Working on the prep for a video on Time Travel SF books. So many to choose from. I've picked my favourites. What are yours?
Working on the prep for a video on Time Travel SF books. So many to choose from. I've picked my favourites. What are yours?
Spoilers, obviously. I think Starplex by Robert J. Sawyer does some interesting things with time travel and immortality Beneath the Sugar Sky by Seanan McGuire has time travel in a nonsense world, where cause and effect are a bit strange.
The Fall of Chronopolis by Barrington Bayley. One of my very first proper adult SF books - been loving time travel stories ever since.

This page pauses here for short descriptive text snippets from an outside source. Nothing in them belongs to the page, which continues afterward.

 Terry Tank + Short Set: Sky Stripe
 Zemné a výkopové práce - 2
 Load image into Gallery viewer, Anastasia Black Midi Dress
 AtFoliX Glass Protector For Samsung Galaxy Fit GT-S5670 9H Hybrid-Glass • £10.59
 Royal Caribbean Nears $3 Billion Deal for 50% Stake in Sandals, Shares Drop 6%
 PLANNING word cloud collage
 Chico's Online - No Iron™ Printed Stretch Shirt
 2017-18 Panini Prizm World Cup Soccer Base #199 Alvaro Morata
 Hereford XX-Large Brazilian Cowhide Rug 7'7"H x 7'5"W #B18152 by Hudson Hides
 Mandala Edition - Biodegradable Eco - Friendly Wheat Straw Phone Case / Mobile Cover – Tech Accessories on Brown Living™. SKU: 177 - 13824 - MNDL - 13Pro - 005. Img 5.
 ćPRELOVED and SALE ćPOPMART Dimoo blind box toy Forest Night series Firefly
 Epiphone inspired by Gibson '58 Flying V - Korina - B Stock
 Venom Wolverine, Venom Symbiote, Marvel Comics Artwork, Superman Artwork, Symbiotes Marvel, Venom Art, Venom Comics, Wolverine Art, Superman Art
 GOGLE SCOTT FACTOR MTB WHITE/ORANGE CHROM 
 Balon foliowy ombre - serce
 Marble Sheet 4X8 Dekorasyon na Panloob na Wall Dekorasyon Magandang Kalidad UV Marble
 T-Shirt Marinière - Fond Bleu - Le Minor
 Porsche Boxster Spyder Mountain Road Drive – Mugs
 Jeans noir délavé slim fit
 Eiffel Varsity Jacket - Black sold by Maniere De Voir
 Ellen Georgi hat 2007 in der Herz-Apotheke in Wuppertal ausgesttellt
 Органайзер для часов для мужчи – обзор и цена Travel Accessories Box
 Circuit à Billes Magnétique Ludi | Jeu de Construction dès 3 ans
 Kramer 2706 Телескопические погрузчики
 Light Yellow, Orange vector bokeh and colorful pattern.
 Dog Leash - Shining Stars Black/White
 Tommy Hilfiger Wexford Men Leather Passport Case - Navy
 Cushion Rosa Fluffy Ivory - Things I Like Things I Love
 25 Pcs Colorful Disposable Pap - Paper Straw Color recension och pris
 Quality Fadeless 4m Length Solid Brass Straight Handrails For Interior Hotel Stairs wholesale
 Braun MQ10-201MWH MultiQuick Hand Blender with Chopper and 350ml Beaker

As someone who is currently building a time machine, I'll take your word on that 🤣😂
How is your design for the Chronoflangeflux Sphere working out? Mine needs some adjustment 🫤 😆
The chronicles of st mary's by Jodi Taylor are my favourites. opposite end of the spectrum from most / all of the other replies but sometimes you need a fun, non-technical, adventure story. Also the audio narrator (Sara Ramm) is perfection.
I’ll have to ponder which are my favourites, but here’s one I read a while ago that was quite brain stretchy. 🪐📚💙
Kage Baker’s Company series….
If time dilation is an option, there's Vernor Vinge's The Peace War (also published in Across Realtime) where temporal stasis fields are used to incapacitate weapons...until the field pops years later.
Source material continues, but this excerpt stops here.